For many years freedom of speech in Hong Kong was very similar to freedom of speech in Norway. However, in later years the situation deteriorated until the freedoms were in effect removed when the National Security Law entered into effect in July 2020.
A bookstore which specialized in books that were critical to the leaders in Beijing, and books with gossip about the leadership was popular with visiting tourists from the mainland. In 2015, several of the owners were kidnapped and taken to the mainland. One of them was Gui Minhai, a Swedish national who also authored some of the relevant books. He was abducted from his apartment in Thailand, turned up in mainland China. In 2020 he was given a 10 years prison sentence for an unsubstantiated accusation of “illegally providing intelligence overseas”.
Many in Hong Kong believed that the proposition of extradictment legislation that was submitted to the Beijing-controlled legislature in Hong Kong was a prelude to quashing outspoken opposition to the communist party leaders openly (and not covertly, which had been the case with the booksellers). The possibility of such legislation to severely undermine freedom of speech in Hong Kong sparked the anti-extradition movement which dominated on the streets in the city in the summer and autumn of 2019.

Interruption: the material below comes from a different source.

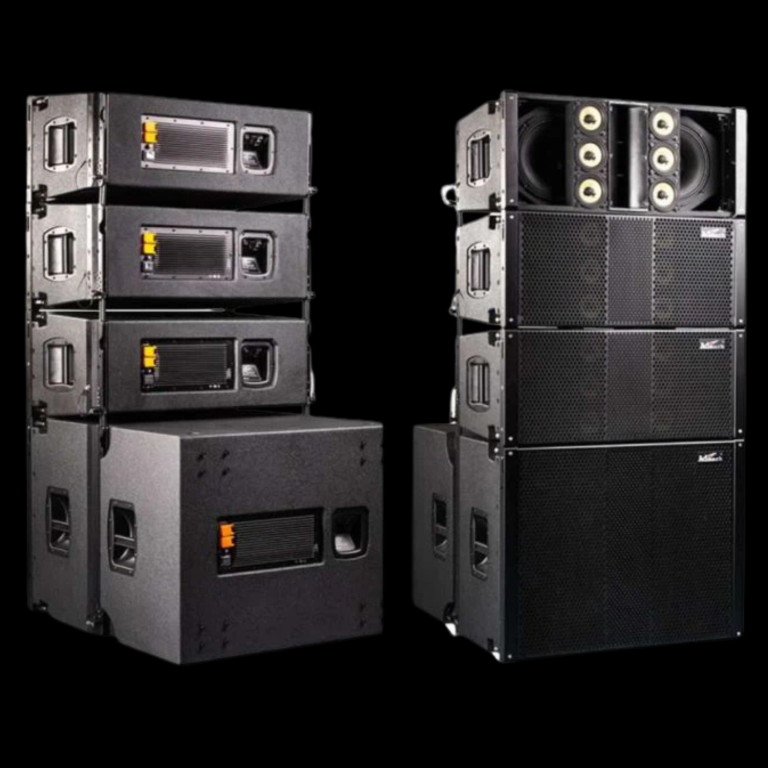 line array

Upon the tremendous popular resistance the extradition bill was withdrawn in the autumn, but unrest continued through the autumn and into the winter with hundreds of thousands of Hongkongers, sometimes more than a million, exercising the right to demonstrate. They demanded an independent investigation into police brutality, and the introduction of true universal suffrage which was promised in 1997. Most Hongkongers saw these demands as necessary for their freedom of speech to continue.
But Beijing could not accept opposition even in Hong Kong. In July, a National Security Law came into effect, a law that had been written in Beijing without consulting anyone in Hong Kong, not even the Beijing loyalists. And with the National Security Law speech crime was introduced in Hong Kong, in the shape of paragraphs about subversion as in the mainland, and about advocating for independence (secession).

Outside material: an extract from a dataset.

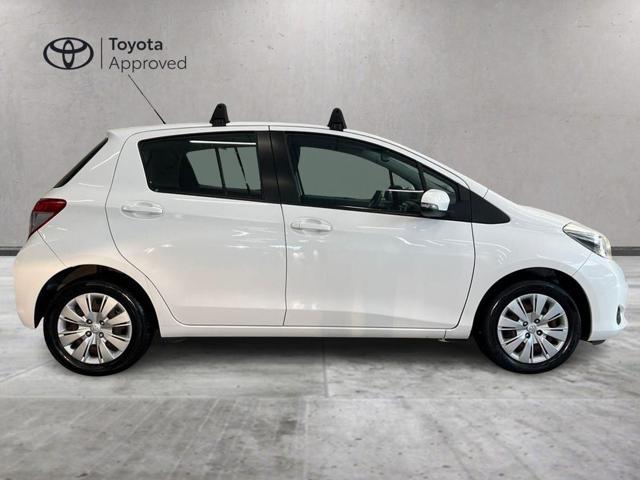 TOYOTA Yaris 1.0 5 porte Van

In November 2021, student activist Tony Chung Hon-lam was sentenced to 3 years and 7 months in prison, purely for peaceful protest, most of which took place before the National Security Law came into effect. Later the same month, activist Ma Chun-man (Captain America 2.0) was sentenced to nearly six years behind bars for chanting slogans and for statements he had given to the media.

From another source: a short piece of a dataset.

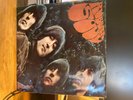RUBBER SOUL BEATLES LP ALBUM VINYL MONO PMC1267 EMI 1965 LOUD CUT FIRST ISSUE EX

Hong Kong has also re-introduced the colonial era crime of sedition (similar to Norwegian ‘oppvigleri’), legislation that the British colonial rulers did not apply in any case in the last 25 years of their rule. In April this year pro-democracy activist Tam Tak-chi (“Fast Beat”) was sentenced to 40 months in prison for “uttering seditious words”.
On 10 September five speech therapists were jailed for 19 months in Hong Kong. They had previously been denied bail, and had spent 13 months in detention pre-trial. The sentence was handed down based on sedition charges. Their crime was publishing illustrated children’s books about a flock of sheep threatened by wolves. The stories hit too close to home for the frail dictatorship’s loyal subordinates in Hong Kong.
These examples illustrate well the total change that freedom of speech has undergone in Hong Kong. Beijing has transgressed to imitate the rule of the colonial power that predates the 1997 transition by decades.
Hong Kong has a GDP per capita similar to Germany’s. About one in four Hongkongers have a university degree. Hong Kong has taught the world that freedom of speech cannot be taken for granted even in a prosperous society with a highly educated population, and with a large majority supporting basic human rights. The ruthlessness of a dictatorship which is completely addicted to holding on to power must never be underestimated.